> [Exercise prompt]: Please repeat, exactly and without pictures, the lines of the entries below that run from the one containing "Cube Mould - Cast" through the one containing "Pantalone LEVI'S WIDE".
Information shown: Begin
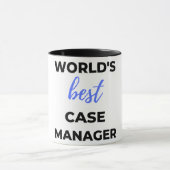 World's Best Case Manager 2 Tasse (Zentrum)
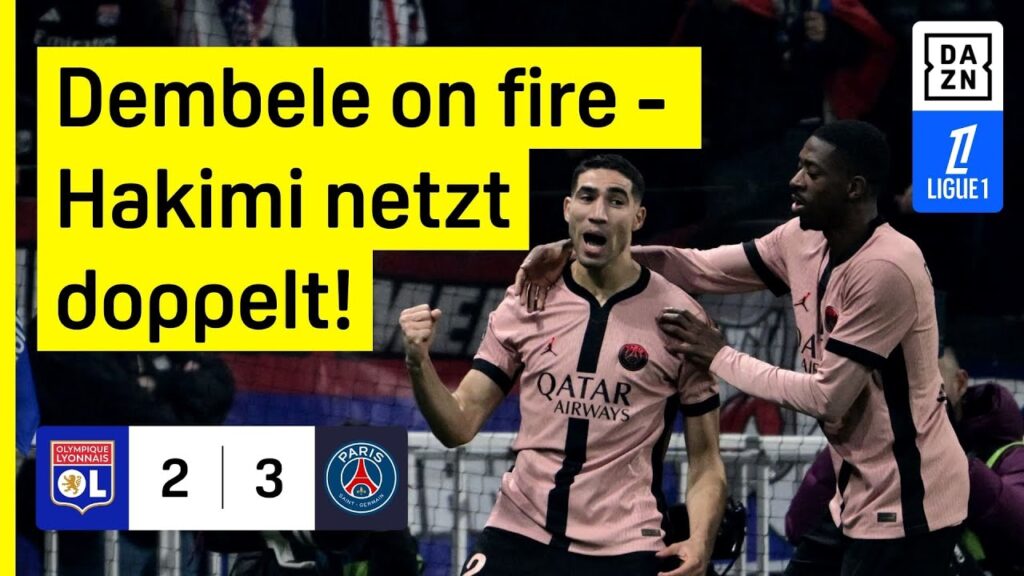 Olympique Lyon - PSG | Ligue 1 | DAZN Highlights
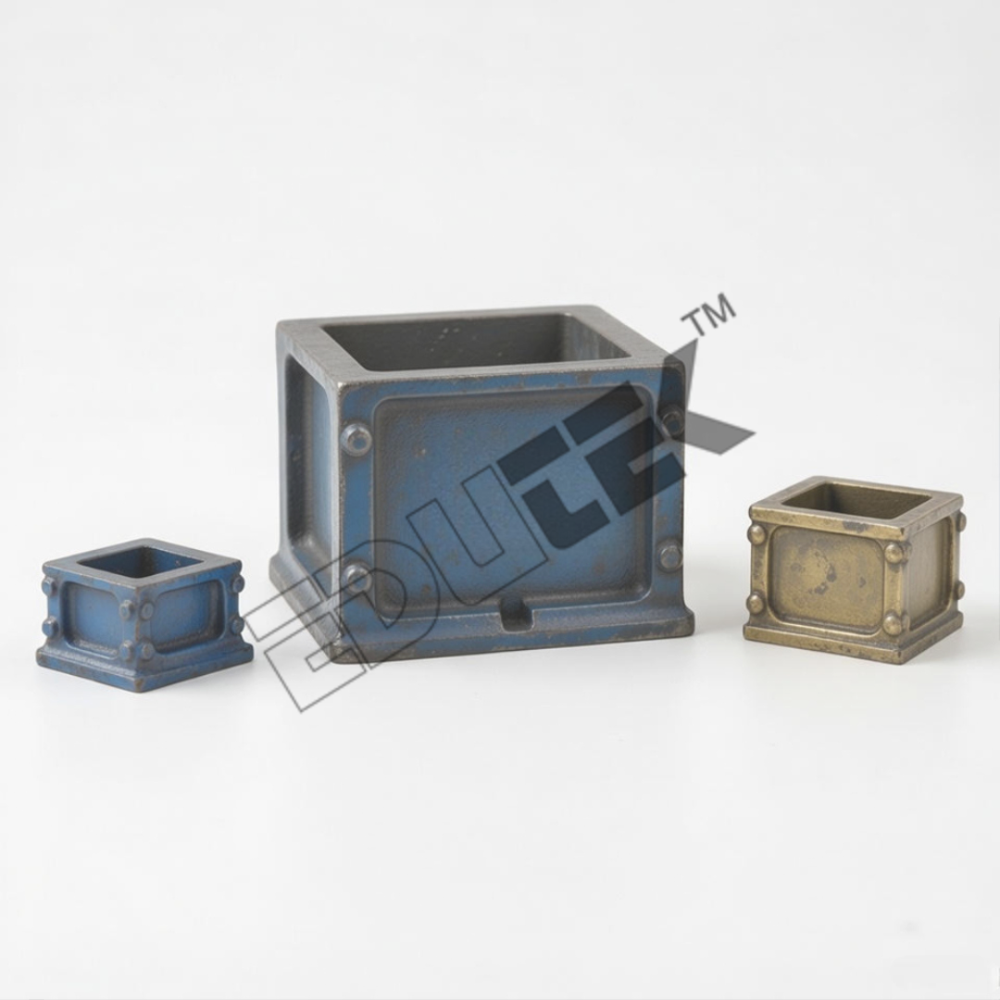 Cube Mould - Cast Iron & Gunmetal, 5cm To 30cm Sizes, +/-0.2mm & +/-0.01 Inch Accuracy, Loose & Included Base Plates | British & Indian Standards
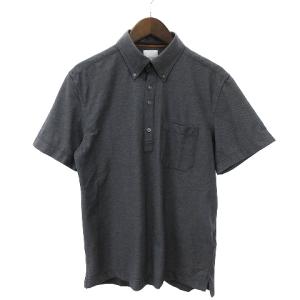 美品 BUTTON DOWN POLO SHIRT ポロシャツ カットソー 半袖 ボタンダウン 胸ポケット JS18T グレー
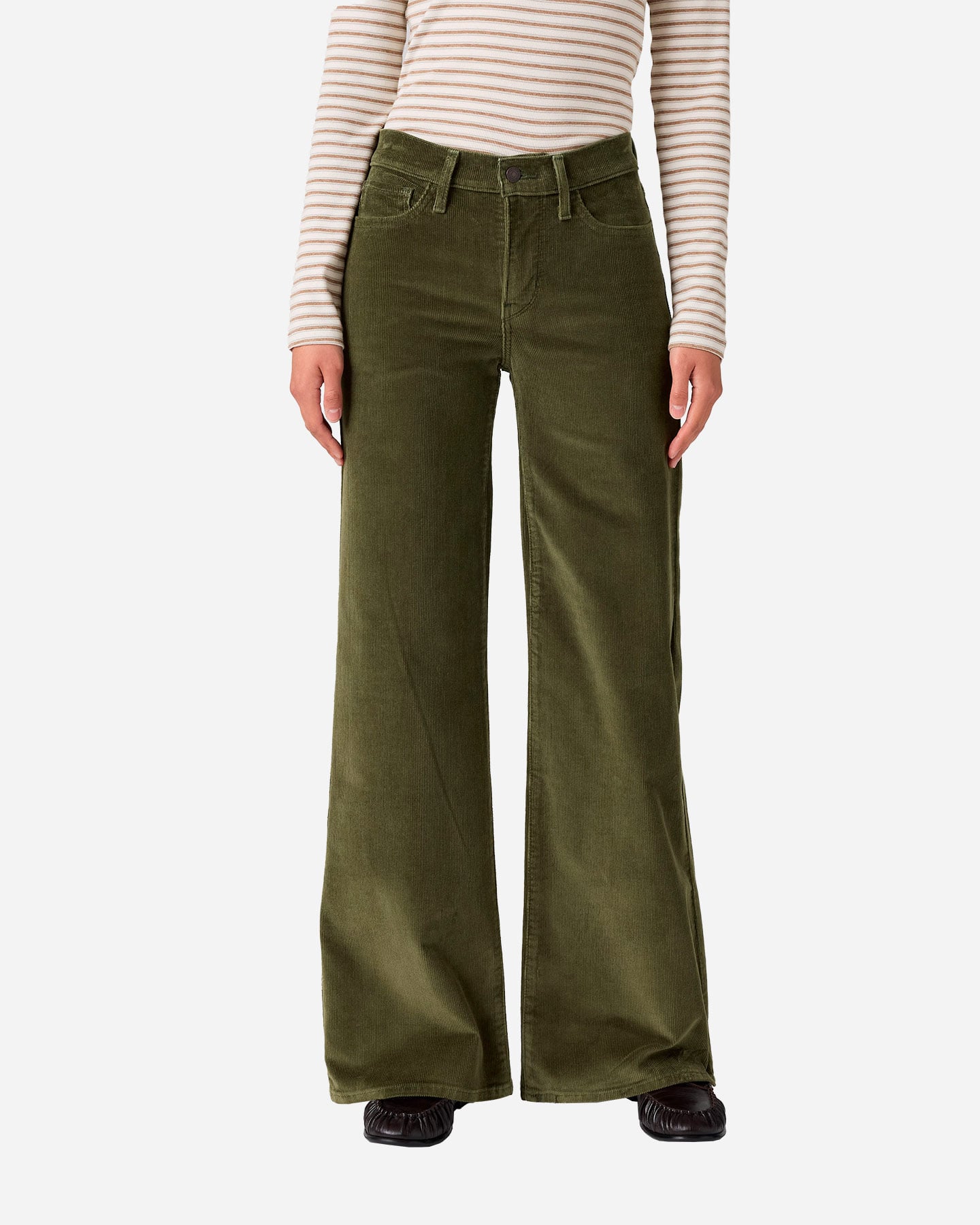 Pantalone LEVI'S WIDE LEG CORDUROY W - Verde - 1 | Cisalfa Sport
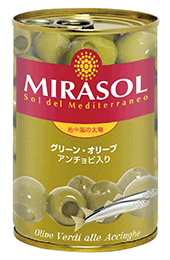  MIRASOL Olive Verdi alle acciughe ミラソル グリーン・オリーブアンチョビ入り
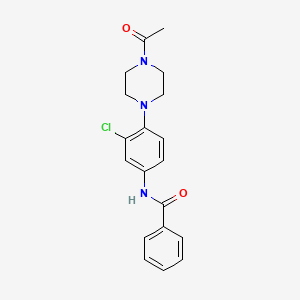 molecular formula C19H20ClN3O2 B4399919 N-[4-(4-acetyl-1-piperazinyl)-3-chlorophenyl]benzamide 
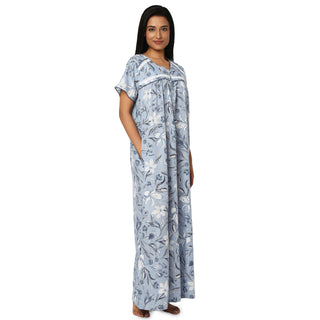 JSS 11073-Cotton Nighty Regular -Sky Blue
Information shown: End
> [Expected answer]:
 Cube Mould - Cast Iron & Gunmetal, 5cm To 30cm Sizes, +/-0.2mm & +/-0.01 Inch Accuracy, Loose & Included Base Plates | British & Indian Standards
 美品 BUTTON DOWN POLO SHIRT ポロシャツ カットソー 半袖 ボタンダウン 胸ポケット JS18T グレー
 Pantalone LEVI'S WIDE LEG CORDUROY W - Verde - 1 | Cisalfa Sport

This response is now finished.